Income inequality…

Weakness Begets More Weakness – (hat tip to Zero hedge) this missive with valuable data and analysis from Sprott Global is a worthwhile read. 

And some quick thoughts from myself……

Wealth and income in a low return high risk, structurally imbalanced, economy does not get redistributed, it gets wasted!

The top of the economic pyramid is too heavy and the bottom too weak to support the structure: before we can get back to balanced growth there will need to be a readjustment of global wealth and income. 

High levels of income inequality imply excess returns to human capital that have not been competitively priced in the market place for one reason or another (barriers to entry, asymmetric information, inefficient market clearing etc).

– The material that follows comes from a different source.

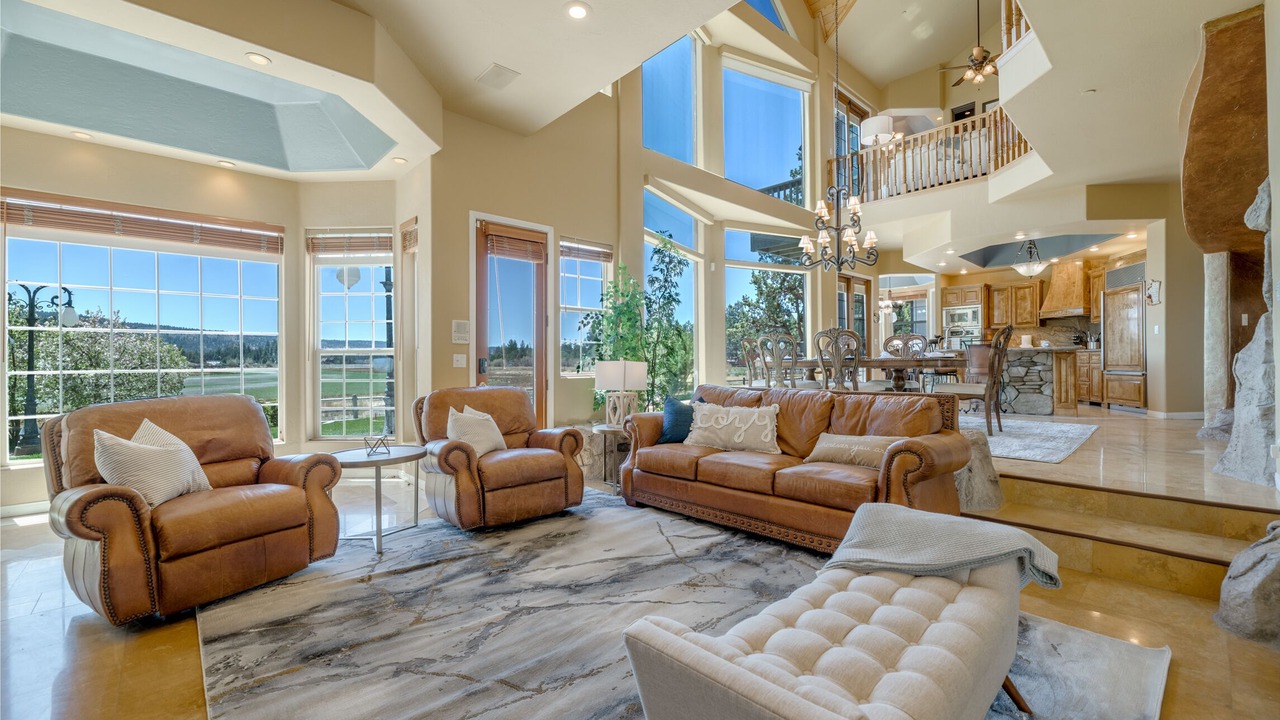 Photo of Livingroom in Big Bear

Income inequality feeds directly into wealth and the compound effects of wealth and income redistribute spending power, and hence alter the dynamics of GDP growth.  Growth depends on balance between all the component factors.   Income and wealth inequality is just as much a bubble in terms of its consequence on stable growth as a debt financed housing bubble.

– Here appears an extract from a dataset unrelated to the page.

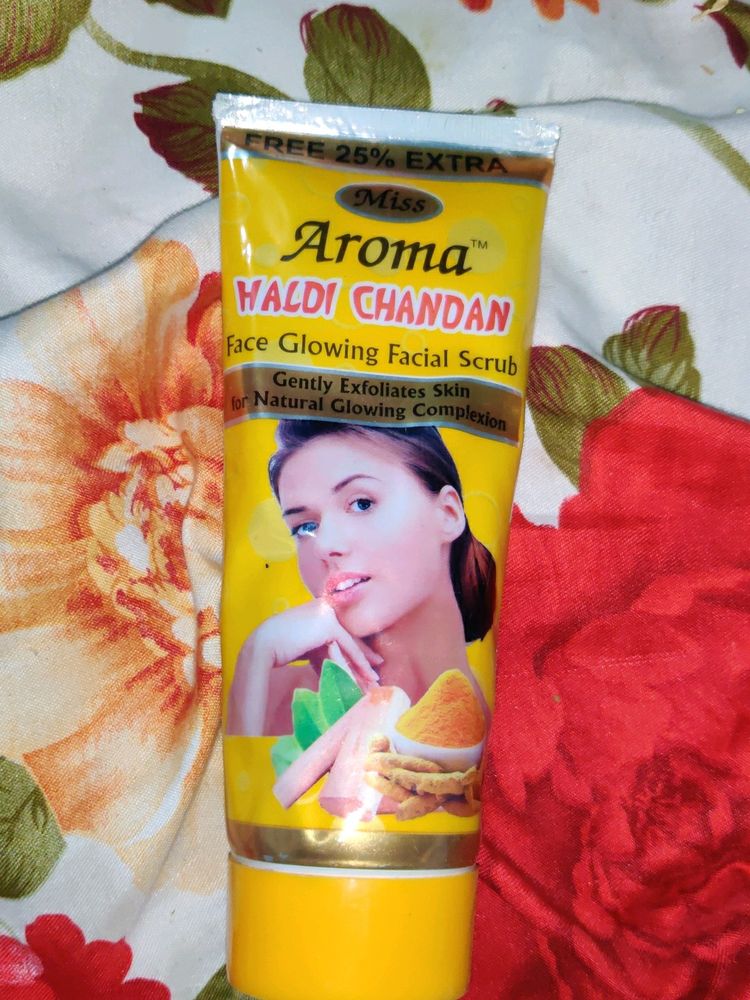 Aroma Haldi Chandan Scrub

The adjustments to income and wealth are likely to be initiated via a) lower returns and high levels of risk to returns on risky assets and b) lower employment and salaries from financial transaction focussed industries such as banking and financial services and c) lower total remuneration packages for managerial positions in most other industries impacted by lower returns on capital.   The initial adjustment will negatively impact GDP and the overall adjustment mechanism is more complex than this.

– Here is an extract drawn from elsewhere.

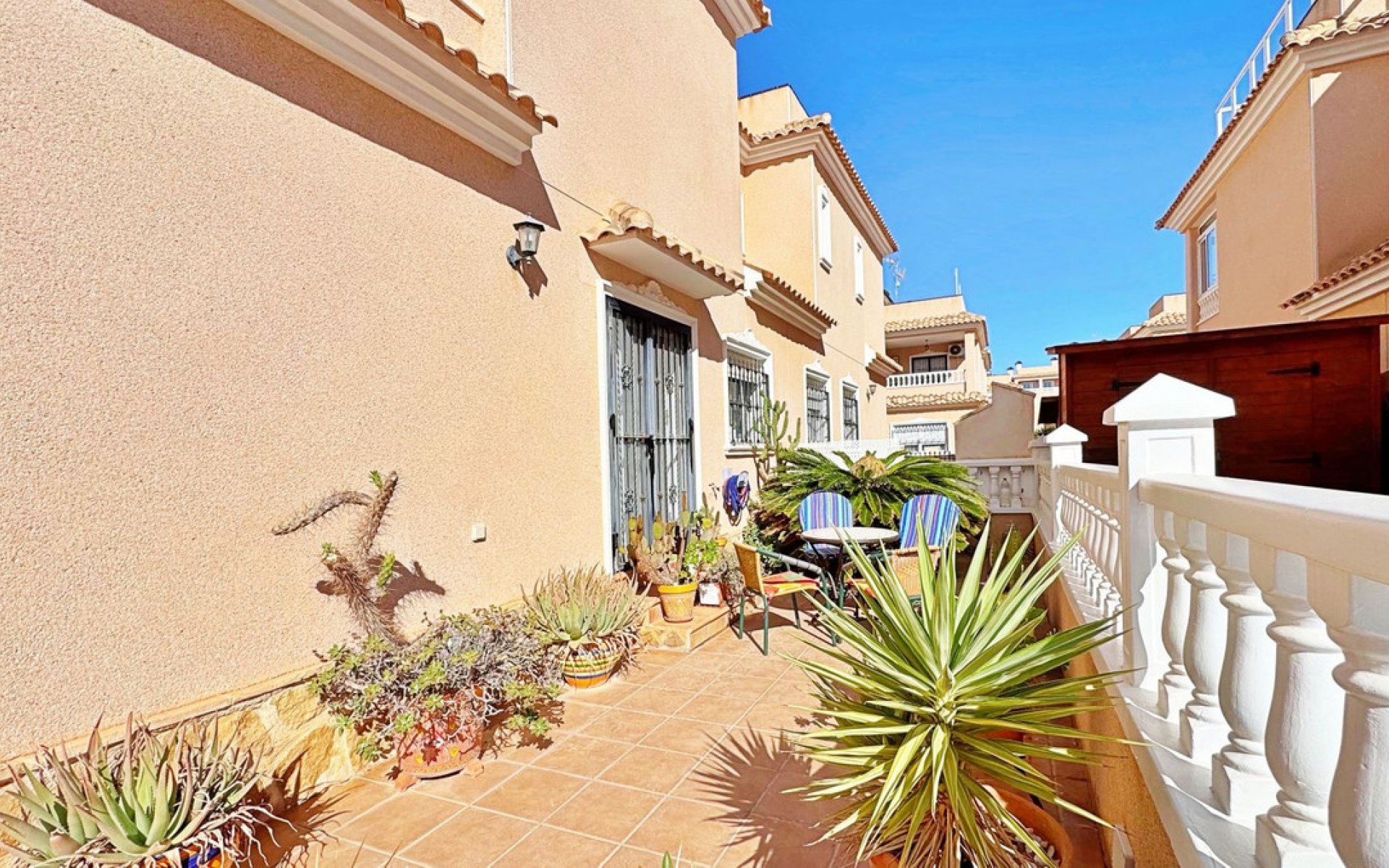 Resale - Townhouse - Villamartin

Wealth and income in a low return high risk, structurally imbalanced, economy does not get redistributed, it gets wasted! 

Rather than turn our backs on capitalism, we need to look at ways we can make our economies more open, more competitive and less likely to be exposed to the development of significant structural imbalances, of which wealth and income inequality is one.   In truth, there are 100s, if not 1,000s of people who could do a particular job as well another, yet applicant selection appears for some reason or other to be limited to a couple of shoe ins which disable the market pricing mechanism.  

I have considered income inequality, not for egalitarian reasons, to be a significant structural economic weakness for some time – note my Capitalism in Crisis reports as well as a number of blog posts.